** The records follows **

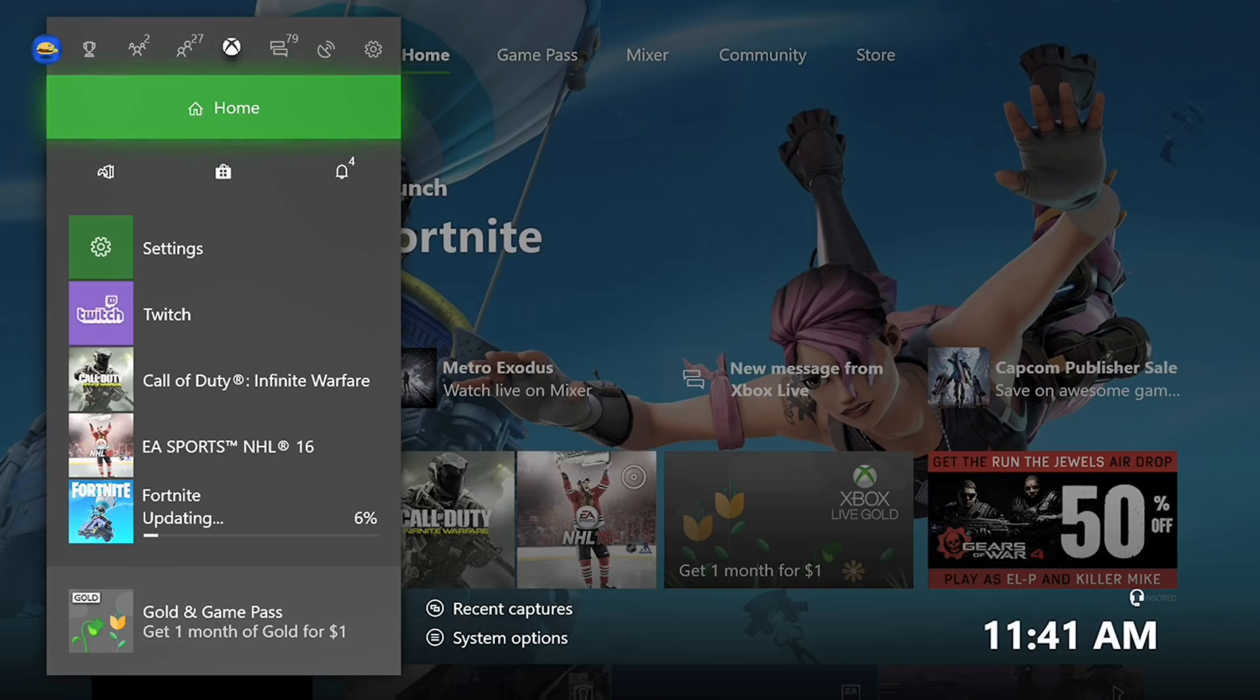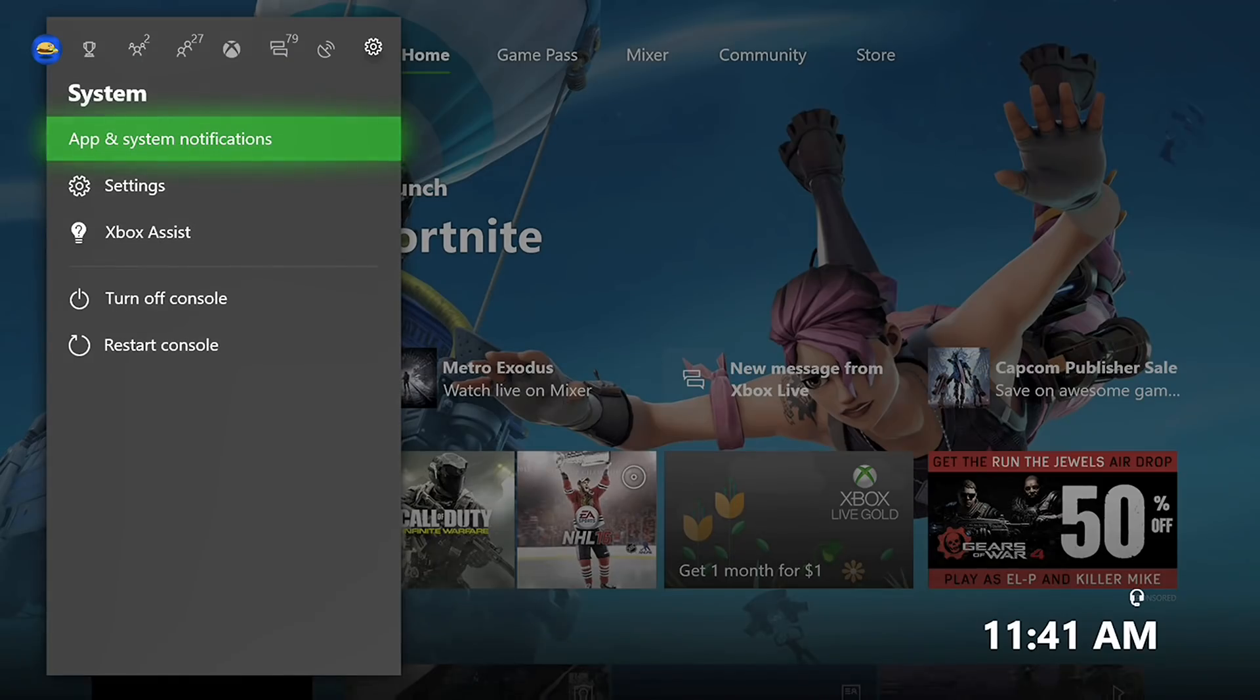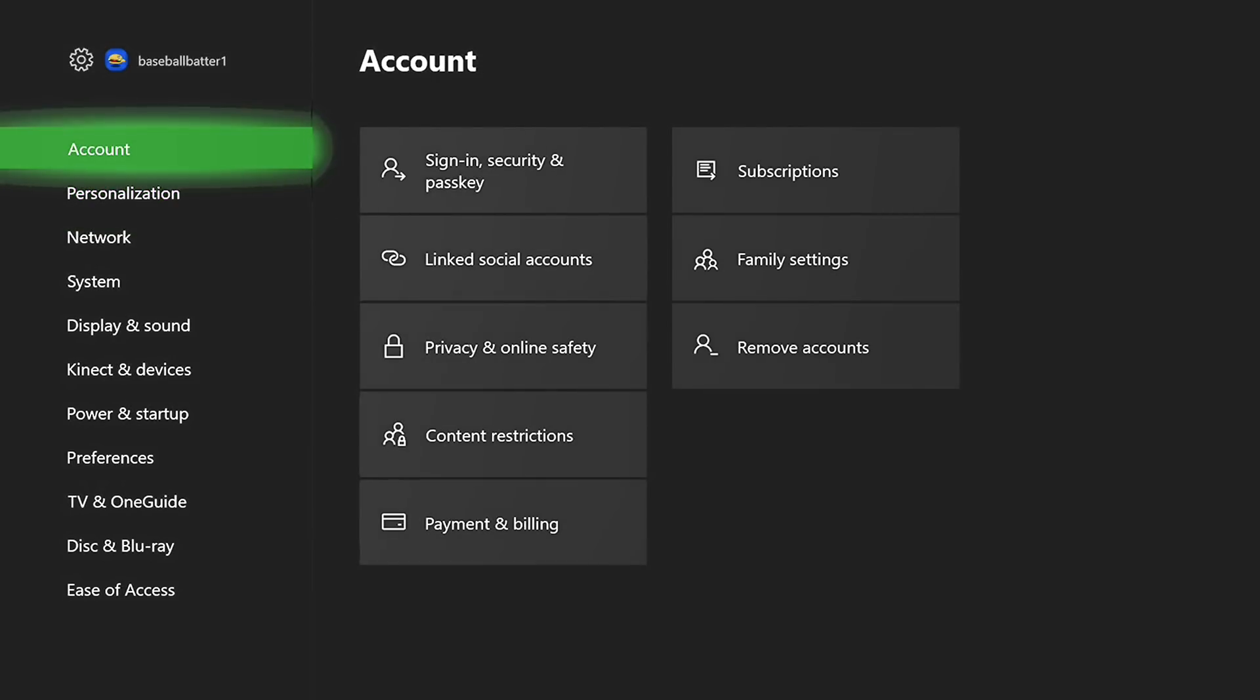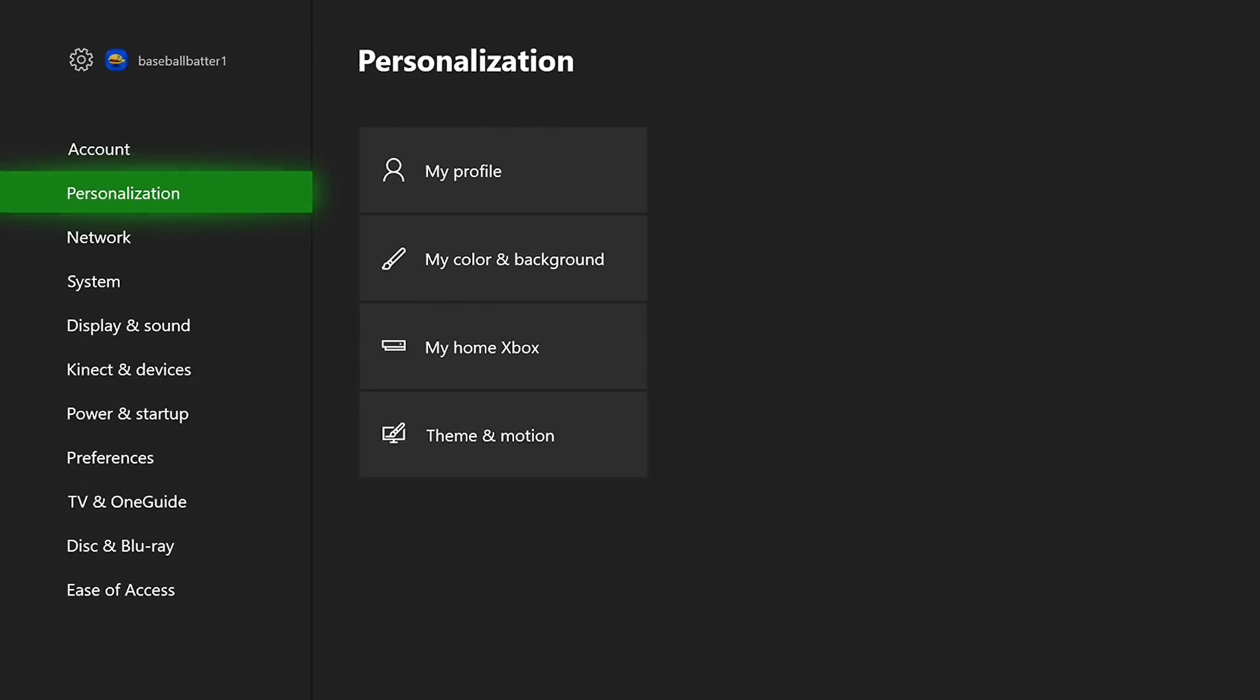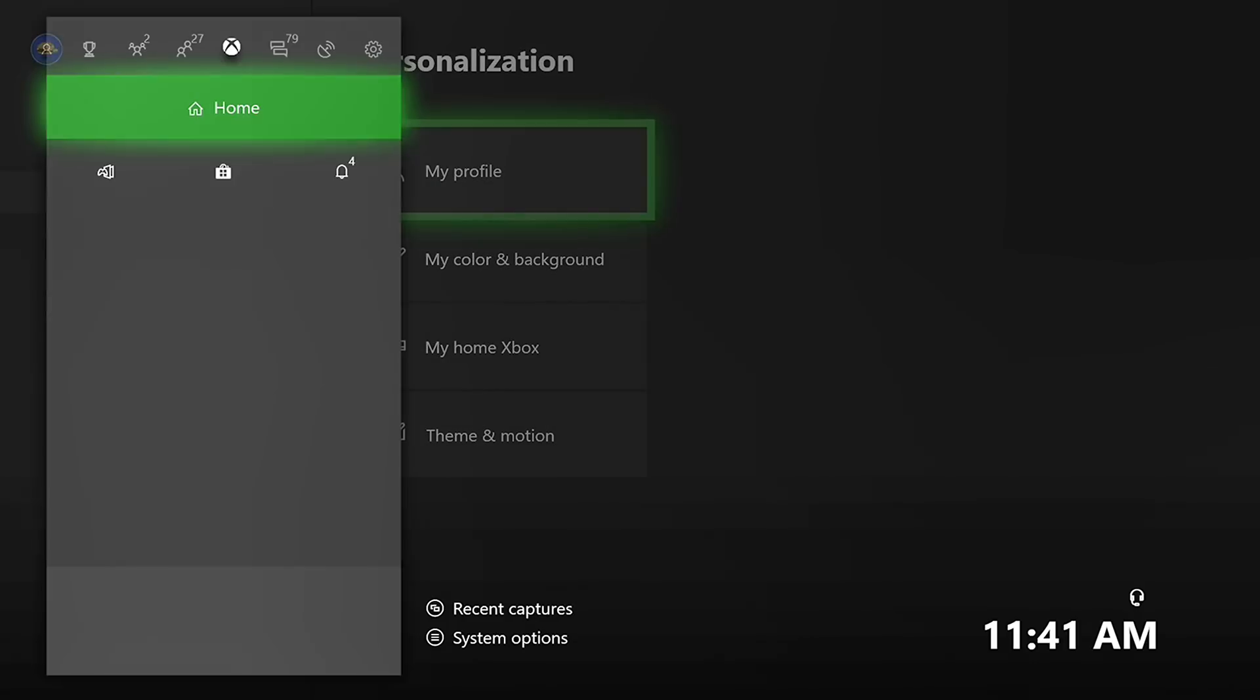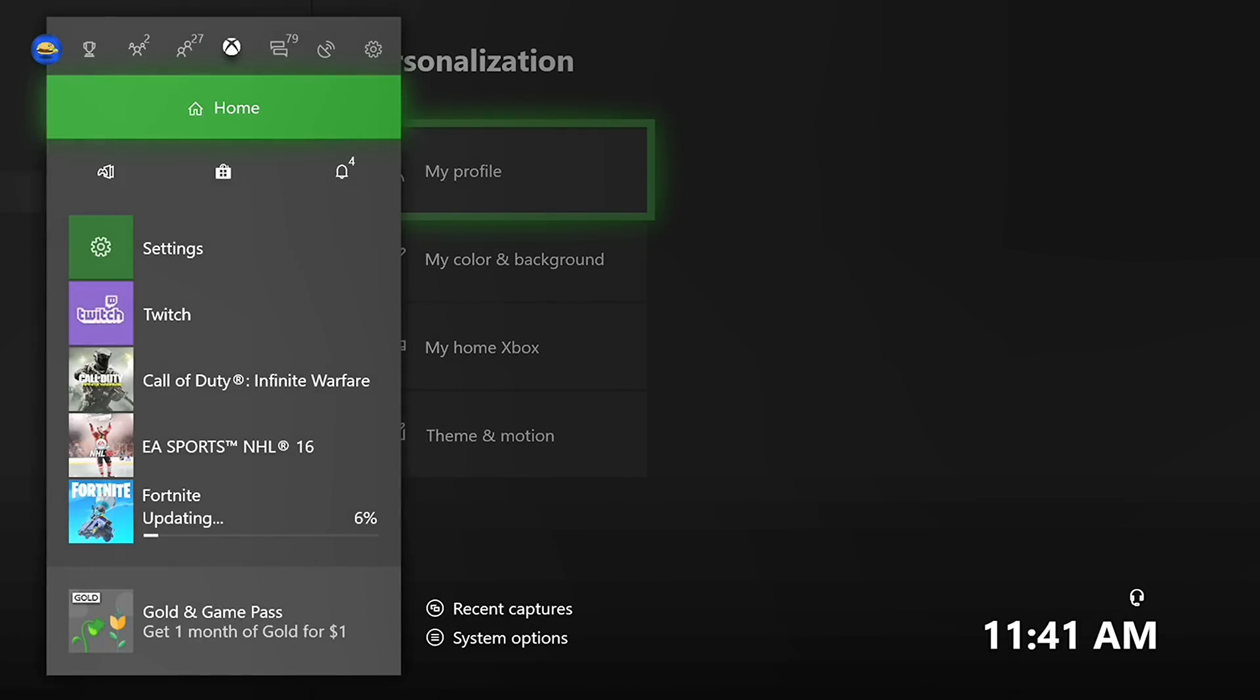Here we go. Step one. What do we want to do? Go to the settings icon and this is going to be just a little delayed because I'm streaming it. So settings, and then you're going to go down to personalization. You're going to start out in account, just go down one, go to personalization, go to my home Xbox.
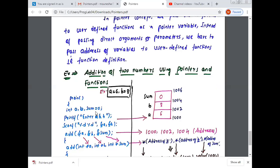So the input values: a is equal to 6 and b is equal to 8. Write one program — in the main function, write: hash include stdio.h, include conio.h, main, open curly brace. Declare: int a, b, sum = 0. Then write a printf statement to enter the values of a and b, then read the values with scanf using %d %d and &a and &b.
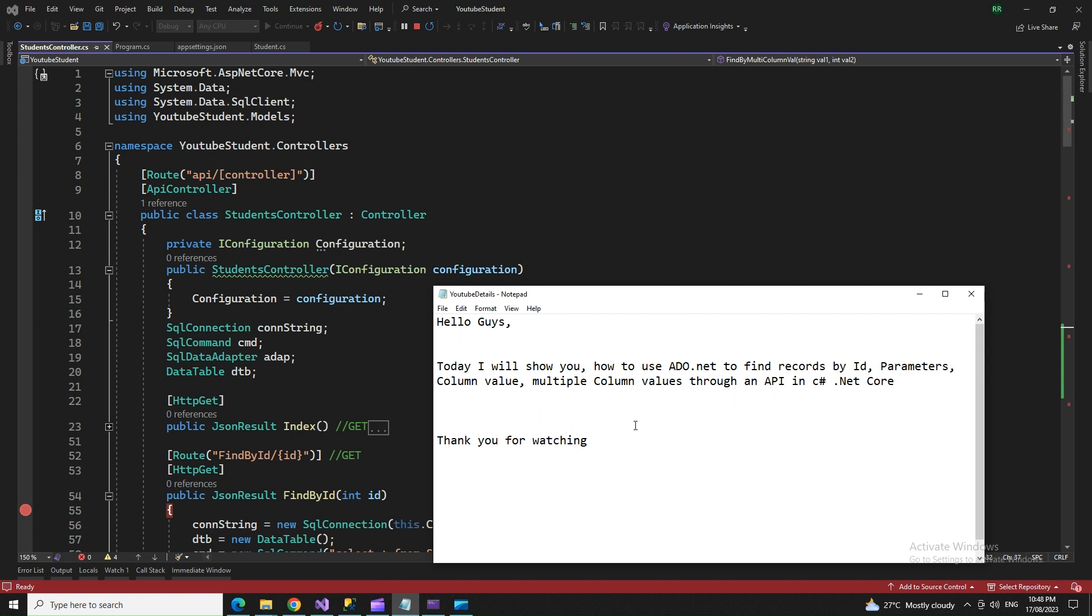Hello friends, today I'm going to show you how we can use ADO.NET with Web API to find records by ID, by parameters, by column value, and by multiple column values.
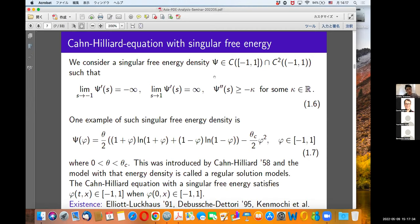The second derivative of the singular free energy is bounded below by minus kappa. One example of such singular free energy density is the logarithmic form introduced by Cahn and Hilliard in 1958 when the temperature theta is between theta_c and zero. This model is called the regular solution model, since the solution is meaningful in a regular way.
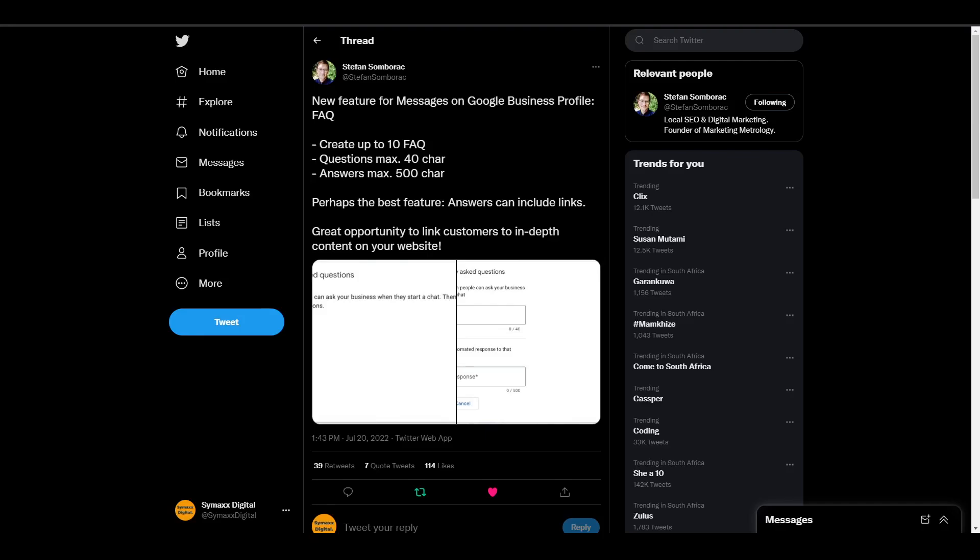Hi guys, today we're going to be looking at the new amazing feature that came through to the Google Business Profile. Basically, what this feature does is that it allows you to create frequently asked questions. When someone is trying to send you a message, it's going to give them a list of questions where they can get answers without even having to ask you.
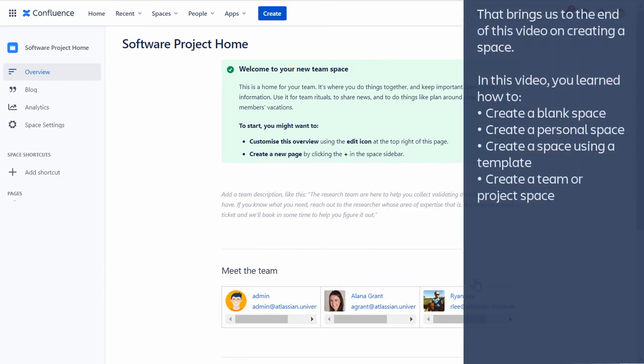That brings us to the end of this video on creating a space. In this video, you learned how to create a blank space, create a personal space, create a space using a template, create a team or project space.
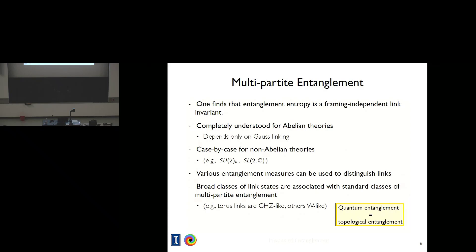We have managed to look at SU(2) level K, and we also spent a lot of time looking at SL(2,C) with the idea that this is perhaps related to 3D Euclidean gravity. If you look at three-component links, you can identify properties that are familiar from three-qubit systems. There's a classification into what are called GHZ-like and W-like states. One finds that broad classes of linked states behave as if they were either GHZ or W. For sufficiently complicated Chern-Simons theories, there's a sort of tracking between the topological entanglement involved in defining the states and the quantum entanglement.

** End of The records **

== What to produce ==
Your answer must restate the entries word for word and contain no pictures.

== Response below ==
Here we go. Step one. What do we want to do? Go to the settings icon and this is going to be just a little delayed because I'm streaming it. So settings, and then you're going to go down to personalization. You're going to start out in account, just go down one, go to personalization, go to my home Xbox.
So the input values: a is equal to 6 and b is equal to 8. Write one program — in the main function, write: hash include stdio.h, include conio.h, main, open curly brace. Declare: int a, b, sum = 0. Then write a printf statement to enter the values of a and b, then read the values with scanf using %d %d and &a and &b.
Hello friends, today I'm going to show you how we can use ADO.NET with Web API to find records by ID, by parameters, by column value, and by multiple column values.
The second derivative of the singular free energy is bounded below by minus kappa. One example of such singular free energy density is the logarithmic form introduced by Cahn and Hilliard in 1958 when the temperature theta is between theta_c and zero. This model is called the regular solution model, since the solution is meaningful in a regular way.
Hi guys, today we're going to be looking at the new amazing feature that came through to the Google Business Profile. Basically, what this feature does is that it allows you to create frequently asked questions. When someone is trying to send you a message, it's going to give them a list of questions where they can get answers without even having to ask you.
That brings us to the end of this video on creating a space. In this video, you learned how to create a blank space, create a personal space, create a space using a template, create a team or project space.
We have managed to look at SU(2) level K, and we also spent a lot of time looking at SL(2,C) with the idea that this is perhaps related to 3D Euclidean gravity. If you look at three-component links, you can identify properties that are familiar from three-qubit systems. There's a classification into what are called GHZ-like and W-like states. One finds that broad classes of linked states behave as if they were either GHZ or W. For sufficiently complicated Chern-Simons theories, there's a sort of tracking between the topological entanglement involved in defining the states and the quantum entanglement.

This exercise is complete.